◆ **THE INPUT**
"""

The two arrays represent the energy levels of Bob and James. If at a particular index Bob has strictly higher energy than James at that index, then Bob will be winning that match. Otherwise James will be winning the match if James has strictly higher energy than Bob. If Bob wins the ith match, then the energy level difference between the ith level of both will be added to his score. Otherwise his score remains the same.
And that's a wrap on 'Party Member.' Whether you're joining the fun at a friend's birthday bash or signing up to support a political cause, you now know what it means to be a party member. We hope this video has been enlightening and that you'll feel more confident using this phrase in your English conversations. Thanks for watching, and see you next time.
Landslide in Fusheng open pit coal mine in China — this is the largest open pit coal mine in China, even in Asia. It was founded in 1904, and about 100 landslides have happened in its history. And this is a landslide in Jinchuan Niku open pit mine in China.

"""
"""

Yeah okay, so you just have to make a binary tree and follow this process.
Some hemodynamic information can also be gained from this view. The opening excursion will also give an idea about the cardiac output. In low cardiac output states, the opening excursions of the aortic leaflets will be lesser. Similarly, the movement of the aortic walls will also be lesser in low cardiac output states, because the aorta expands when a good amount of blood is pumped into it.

"""
"""

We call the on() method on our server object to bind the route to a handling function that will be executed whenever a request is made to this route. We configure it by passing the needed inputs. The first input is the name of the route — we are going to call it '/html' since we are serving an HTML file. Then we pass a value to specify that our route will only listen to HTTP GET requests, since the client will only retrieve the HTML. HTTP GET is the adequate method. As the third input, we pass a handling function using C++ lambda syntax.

"""

◆ **EXERCISE DIRECTIONS**
An answer is complete only when it holds every line above containing the string "have".

◆ **TASK RESULT**
Landslide in Fusheng open pit coal mine in China — this is the largest open pit coal mine in China, even in Asia. It was founded in 1904, and about 100 landslides have happened in its history. And this is a landslide in Jinchuan Niku open pit mine in China.
Yeah okay, so you just have to make a binary tree and follow this process.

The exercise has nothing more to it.